## YOUR GOAL
Setting pictures aside, output exactly the lines from the start of the records to the line with "Happy child on", that line included.

## RECORD EXTRACTS
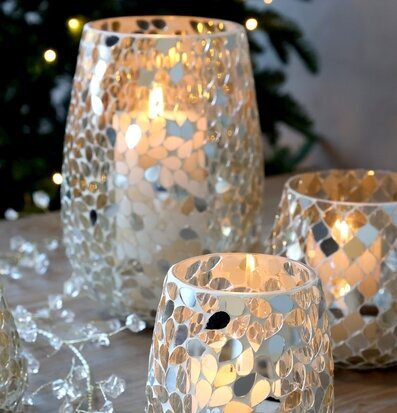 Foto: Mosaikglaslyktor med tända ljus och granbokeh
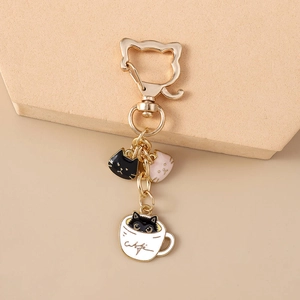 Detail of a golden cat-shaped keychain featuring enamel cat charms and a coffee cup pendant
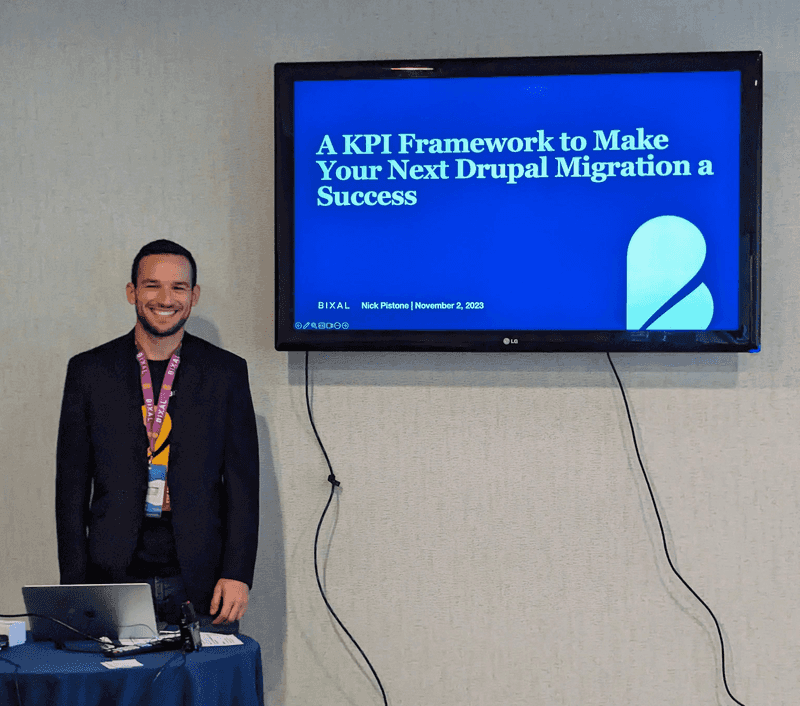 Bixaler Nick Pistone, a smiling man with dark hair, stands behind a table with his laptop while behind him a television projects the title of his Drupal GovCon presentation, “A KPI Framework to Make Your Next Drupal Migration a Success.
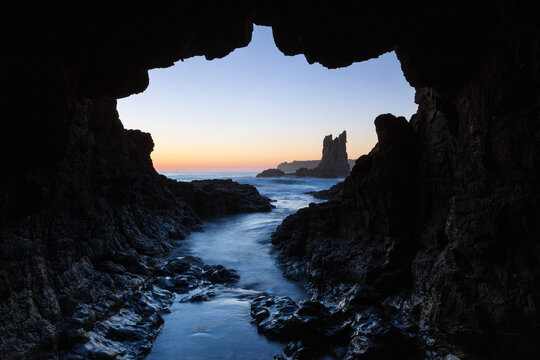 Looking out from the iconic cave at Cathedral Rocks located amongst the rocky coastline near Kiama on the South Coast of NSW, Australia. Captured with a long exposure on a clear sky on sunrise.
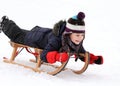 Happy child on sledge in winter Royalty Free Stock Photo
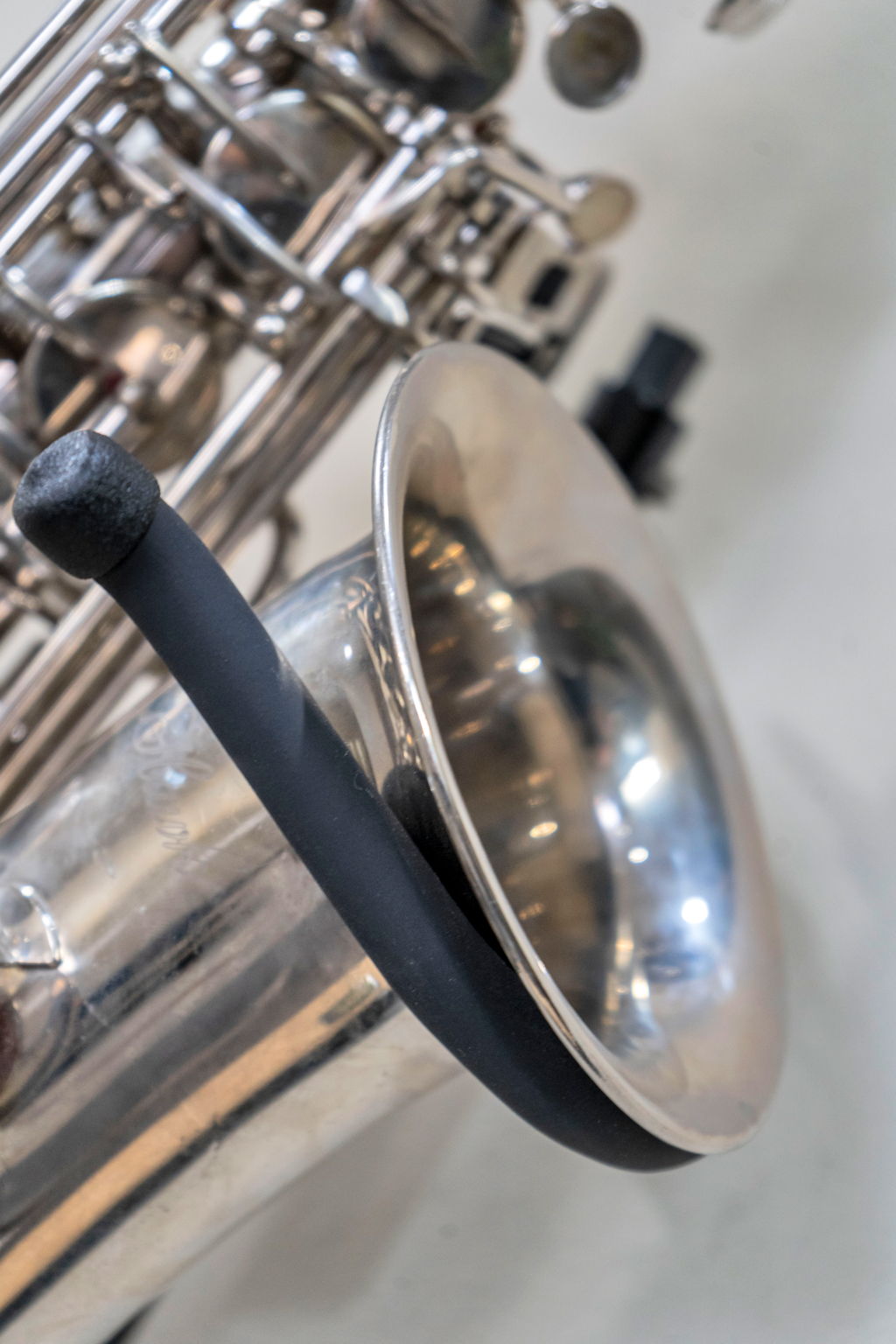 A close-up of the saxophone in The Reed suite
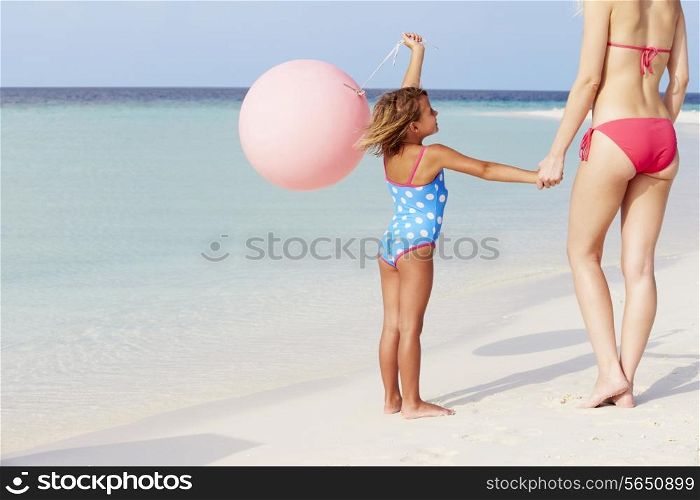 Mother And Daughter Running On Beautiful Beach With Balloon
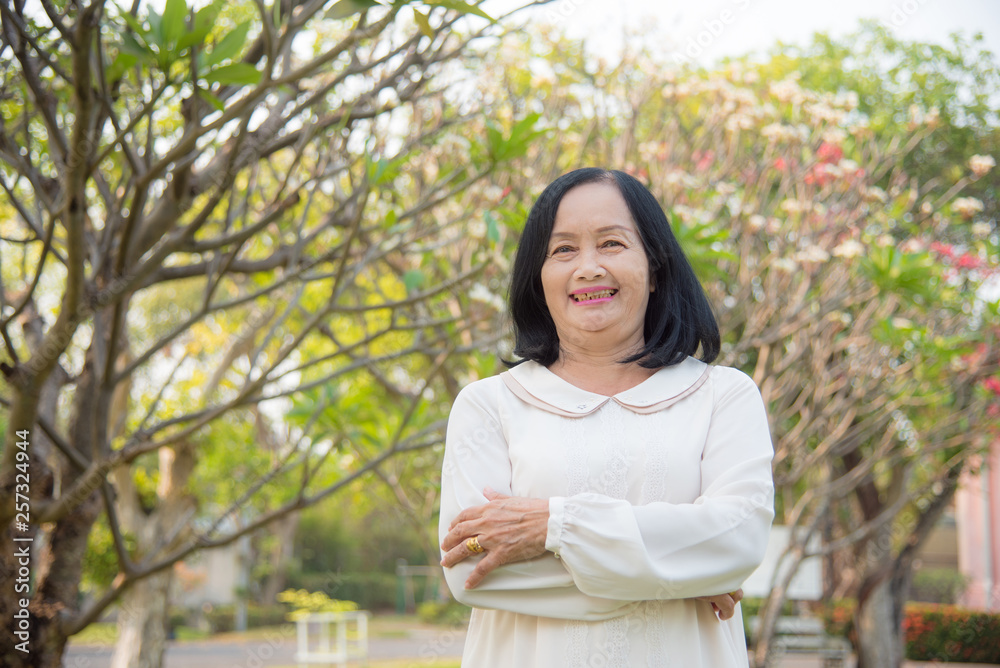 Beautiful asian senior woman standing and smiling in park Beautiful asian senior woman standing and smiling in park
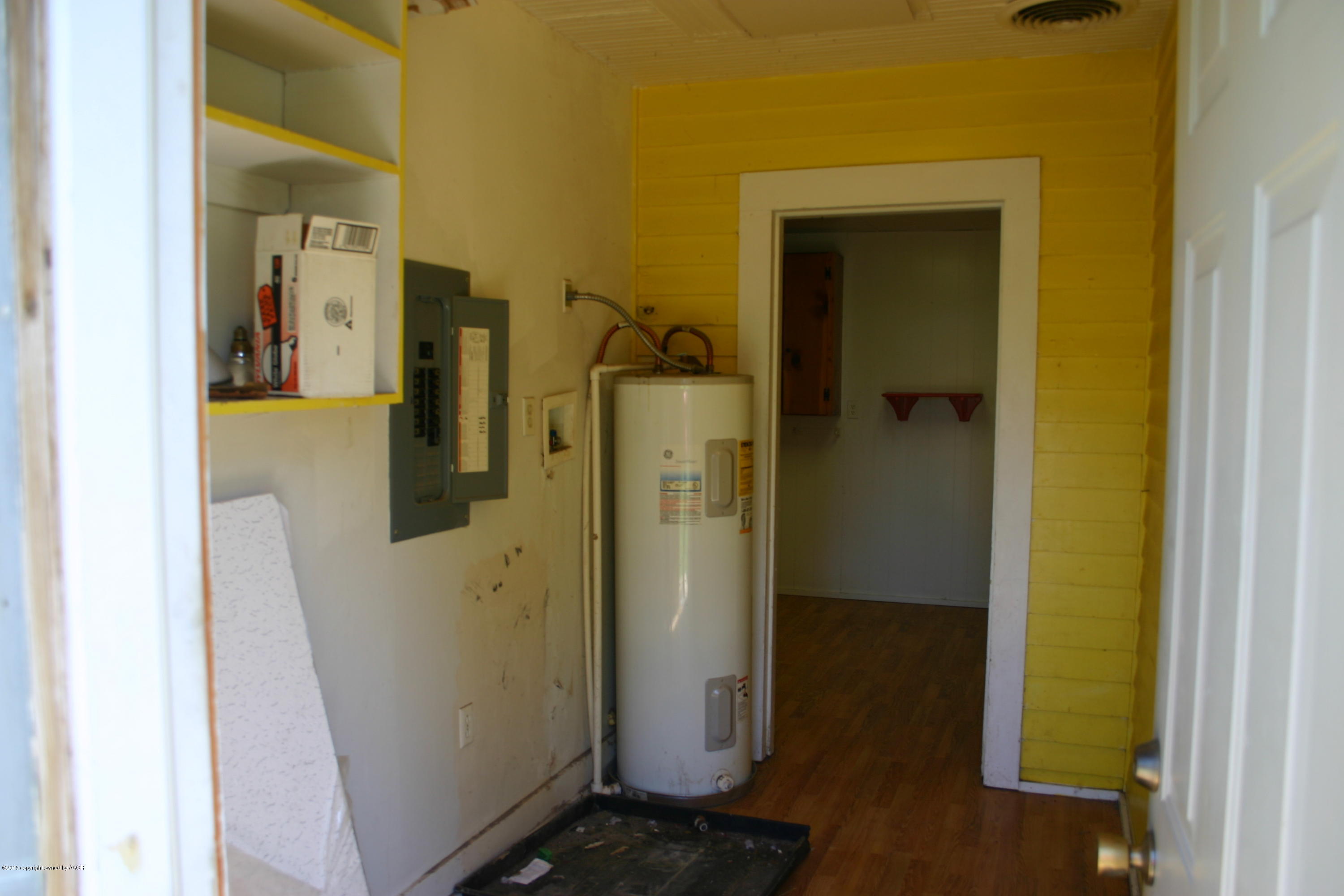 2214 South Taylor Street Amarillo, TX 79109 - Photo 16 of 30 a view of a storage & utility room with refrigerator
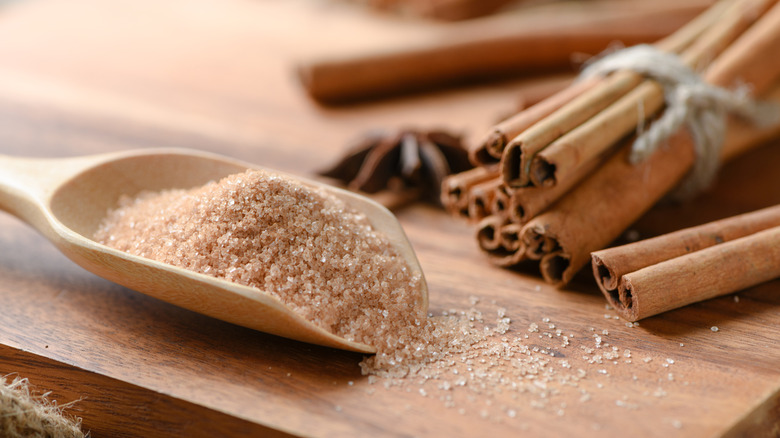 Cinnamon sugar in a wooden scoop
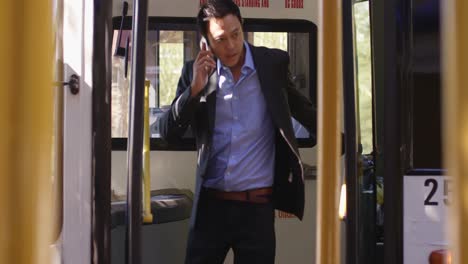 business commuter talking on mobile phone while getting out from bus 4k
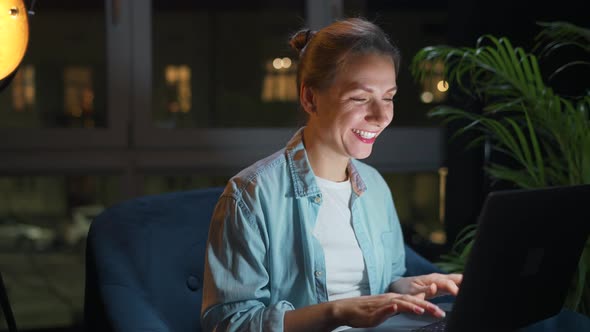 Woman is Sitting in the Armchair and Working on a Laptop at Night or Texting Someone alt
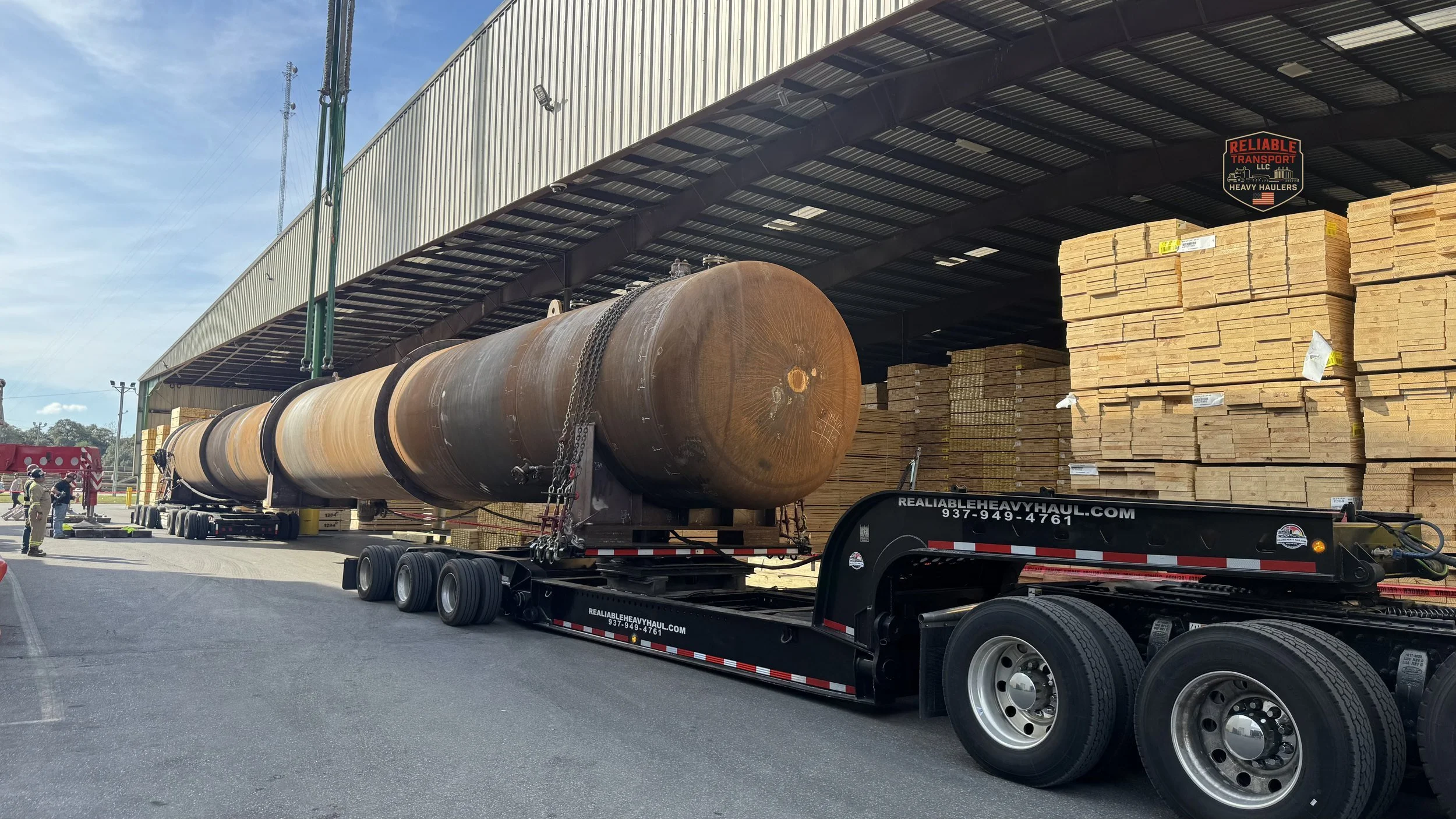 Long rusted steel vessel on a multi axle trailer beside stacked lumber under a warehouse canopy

## OUTPUT
 Foto: Mosaikglaslyktor med tända ljus och granbokeh
 Detail of a golden cat-shaped keychain featuring enamel cat charms and a coffee cup pendant
 Bixaler Nick Pistone, a smiling man with dark hair, stands behind a table with his laptop while behind him a television projects the title of his Drupal GovCon presentation, “A KPI Framework to Make Your Next Drupal Migration a Success.
 Looking out from the iconic cave at Cathedral Rocks located amongst the rocky coastline near Kiama on the South Coast of NSW, Australia. Captured with a long exposure on a clear sky on sunrise.
 Happy child on sledge in winter Royalty Free Stock Photo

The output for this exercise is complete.